Naismith watches Frankfort win 1936 Indiana basketball title before 15,000
Semi-state play arrived in 1935-36, and a year later Naismith saw Frankfort beat Fort Wayne Central before 15,000, a final that felt bigger than basketball.

The road to an Indiana title got longer in 1935-36, when semi-state tournament play was added and the championship chase stretched beyond a single bracket into a statewide test of endurance. The move changed how teams traveled, how many fans followed, and how much was at stake every time a school survived another round.

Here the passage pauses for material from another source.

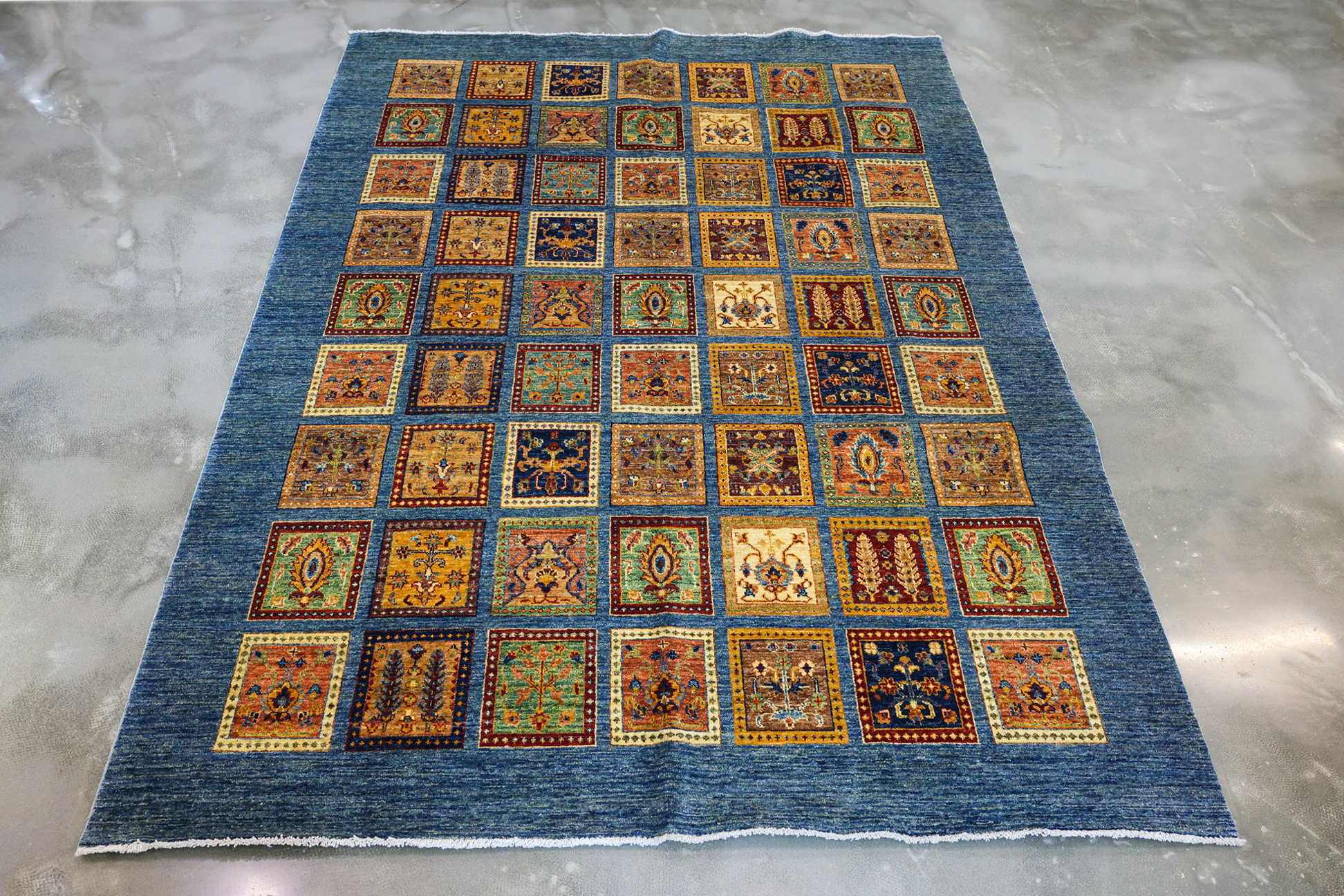 A BAKHTIAR PANELED WOOL CARPET (300 x 240cm)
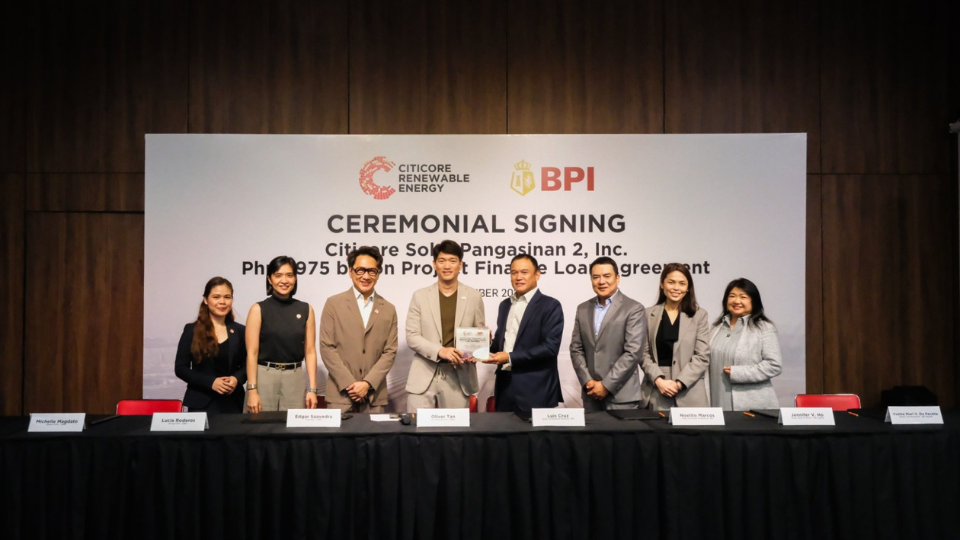 CREC seals PHP 3.98-B BPI loan to finish 113-MWp Pangasinan solar plant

That new structure mattered almost immediately. The Indiana tournament had started in 1911, and by the middle of the 1930s it had already spent a quarter-century building the kind of institutional weight that could turn a high school game into a civic event. The 1935-36 expansion gave the tournament a wider footprint and a bigger stage, creating the modern path that Indiana basketball still recognizes: sectional pressure, regional survival, then the semi-state grind before a title game.
The most vivid proof came in the 1936 championship, when Frankfort beat Fort Wayne Central before a crowd of 15,000. Dr. James Naismith, the inventor of basketball, was there to see it. That detail gives the game its lasting force: Indiana high school basketball had grown large enough to draw the man who created the sport and still make the crowd feel like part of the story.

Fort Wayne Central finished as the runner-up, but the bigger picture was the tournament itself. Frankfort’s championship landed at the end of a season in which the path to the crown had become more demanding and more public, with semi-state play widening the map and raising the pressure on every surviving team. The 1936 final turned that new format into spectacle, and the 15,000 in attendance showed how deeply the tournament had already taken hold across the state.
By then, Indiana basketball was no longer just a competition. It had become a statewide obsession built on bigger brackets, longer trips, and larger crowds, with Frankfort’s title and Naismith’s seat in the stands marking the moment the tournament fully became the event Hoosiers still know today.